Descriptive statistics includes exploratory data analysis, unsupervised learning, clustering and basic data summaries. Descriptive statistics have many uses, most notably helping us get familiar with a data set. Descriptive statistics usually are the starting point for any analysis. Often, descriptive statistics help us arrive at hypotheses to be tested later with more formal inference.

Inference is the process of making conclusions about populations(群体) from samples. Inference includes most of the activities traditionally associated with statistics such as: estimation, confidence intervals, hypothesis tests and variability. Inference forces us to formally define targets of estimations or hypotheses. It forces us to think about the population that we’re trying to generalize to from our sample.

Prediction overlaps quite a bit with inference, but modern prediction tends to have a different mindset. Prediction is the process of trying to guess an outcome given a set of realizations of the outcome and some predictors. Machine learning, regression, deep learning, boosting, random forests and logistic regression are all prediction algorithms. If the target of prediction is binary or categorical, prediction is often called classification. In modern prediction, emphasis shifts from building small, parsimonious, interpretable models to focusing on prediction performance, often estimated via cross validation. Generalizability is often given not by a sampling model, as in traditional inference, but by challenging the algorithm on novel datasets. Prediction has transformed many fields include e-commerce, marketing and financial forecasting.

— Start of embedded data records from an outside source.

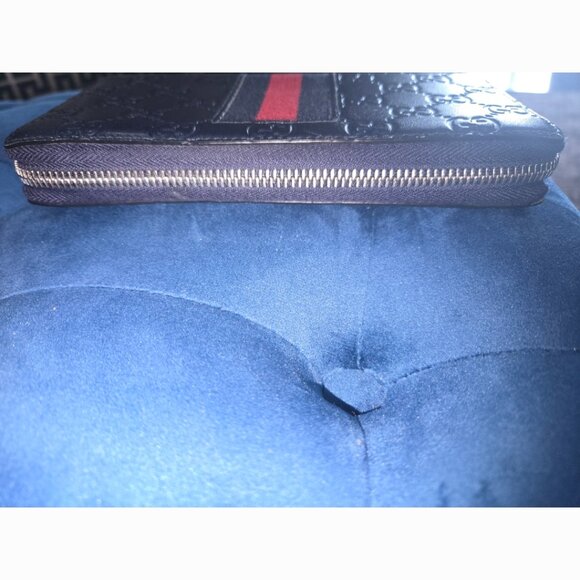EUC Authentic Gucci Zippy Wallet - RARE Navy Blue - Picture 3 of 11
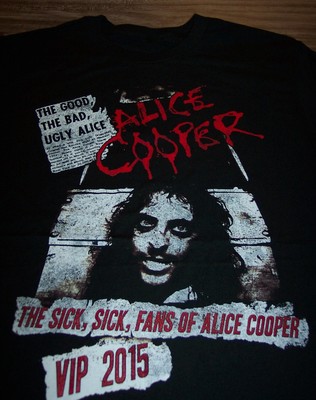 ALICE COOPER 2015 TOUR VIP T-Shirt SMALL NEW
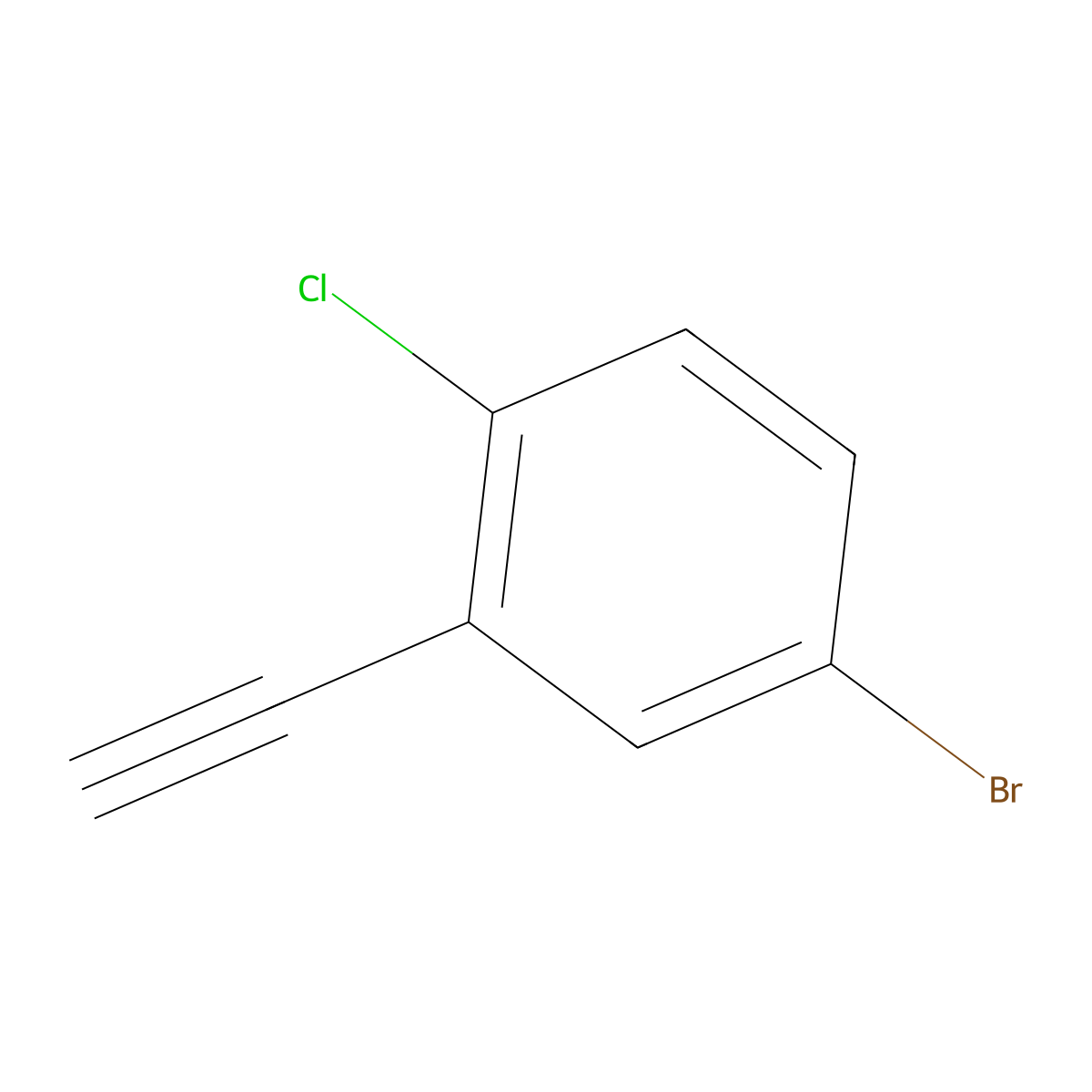 4-Bromo-1-chloro-2-ethynylbenzene molecular structure, CAS 1696309-52-0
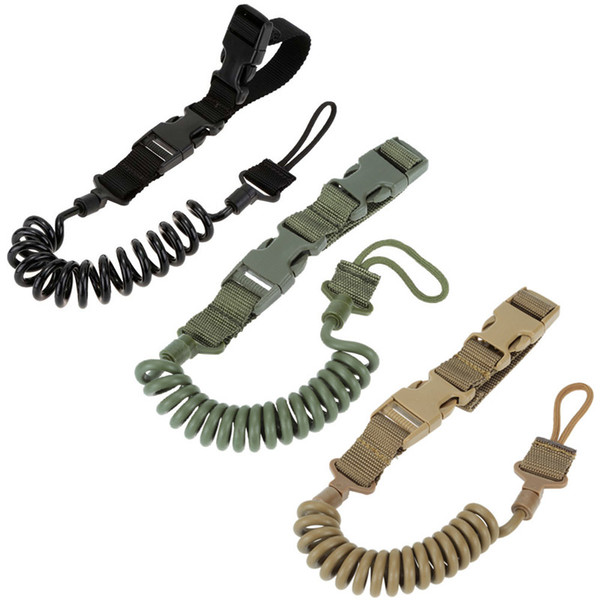 Multifunctional backpack lanyard safety anti-lost connecting rope outdoor camping hiking mountain spring wear-resistant elastic keychain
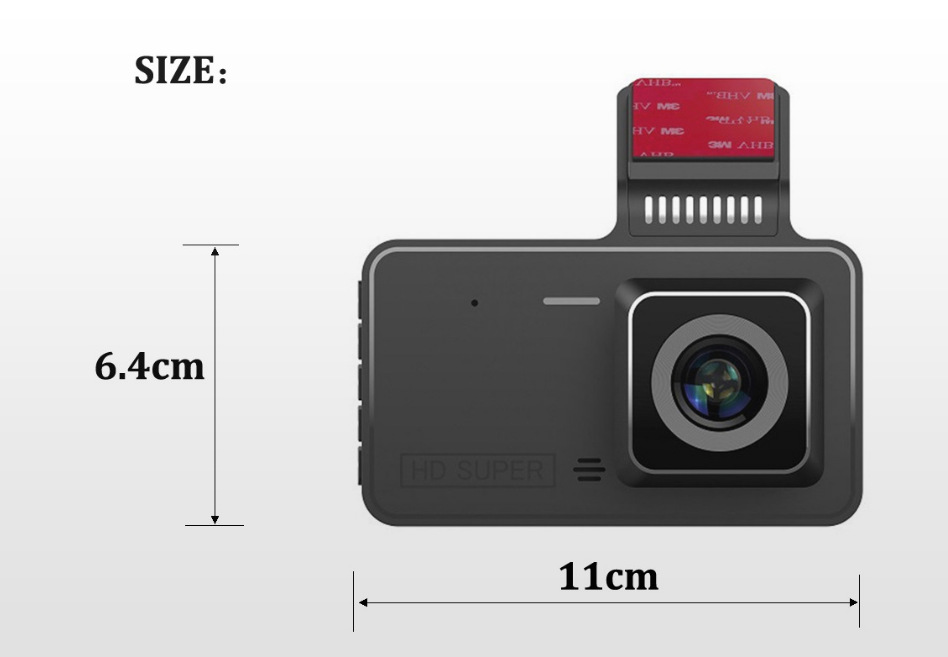 高清夜视行车记录仪详情1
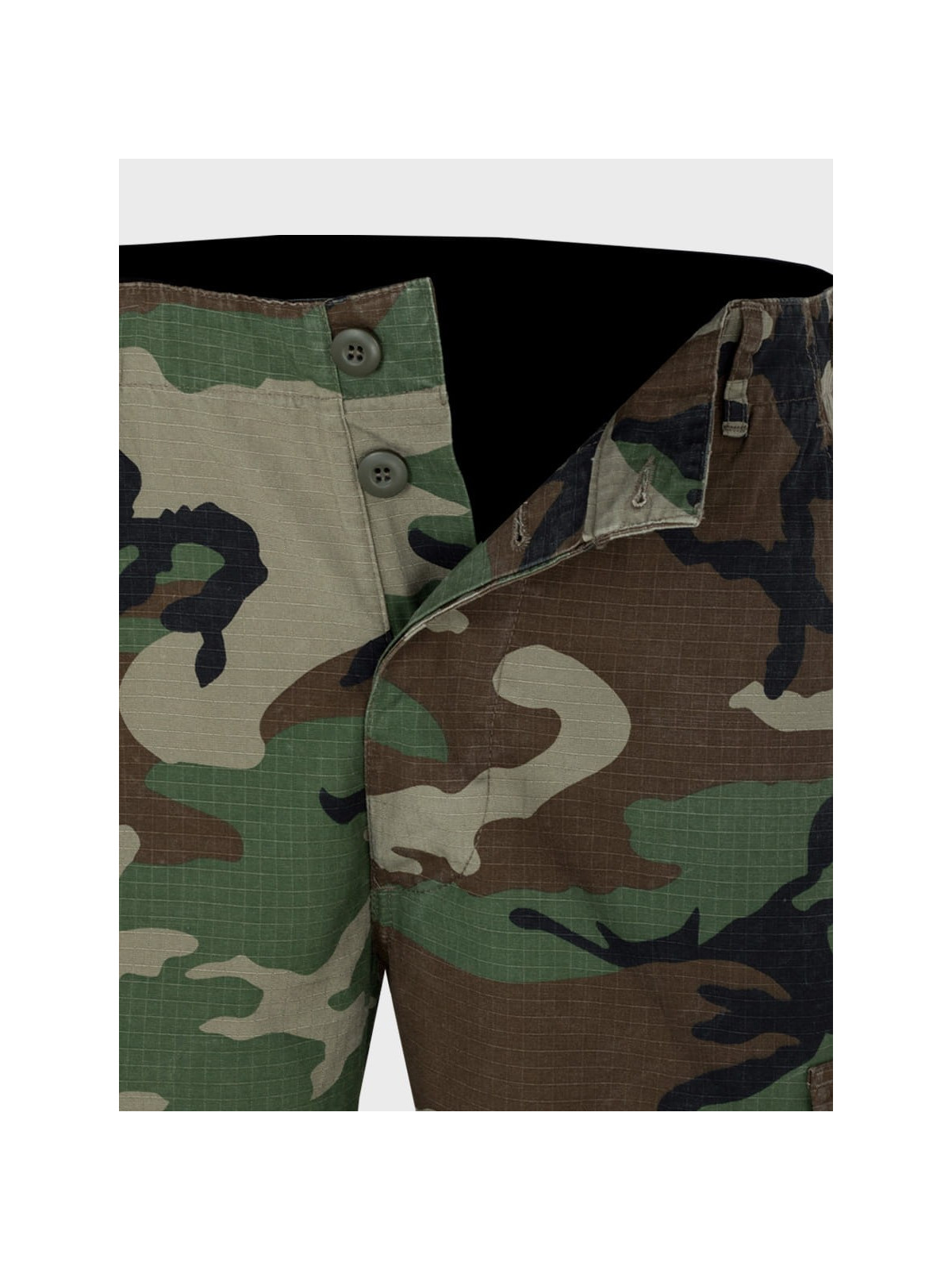 MIL-TEC Spodenki wojskowe bojówki bermudy BDU RIP-STOP Woodland XXL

Experimental design is the act of controlling your experimental process to optimize the chance of arriving at sound conclusions. The most notable example of experimental design is randomization. In randomization a treatment is randomized across experimental units to make treatment groups as comparable as possible. Clinical trials and A/B testing both employ randomization. In random sampling, one tries to randomly sample from a population of interest to get better generalizability of the results to the population. Many election polls try to get a random sample.

Machine Learning

Machine learning has been a revolution in modern prediction and clustering. Machine learning has become an expansive field involving computer science, statistics and engineering. Some of the algorithms have their roots in artificial intelligence (like neural networks and deep learning). For data scientists, we decompose two main activities of machine learning. (Of course, this list is non-exhaustive.) These are are

  1. Unsupervised learning - trying to uncover unobserved factors in the data. It is called “unsupervised” as there is no gold standard outcome to judge against. Some example algorithms including hierarchical clustering, principal components analysis, factor analysis and k-means.
  2. Supervised learning - using a collection of predictors, and some observed outcomes, to build an algorithm to predict the outcome when it is not observed. Some examples include: neural networks, random forests, boosting and support vector machines.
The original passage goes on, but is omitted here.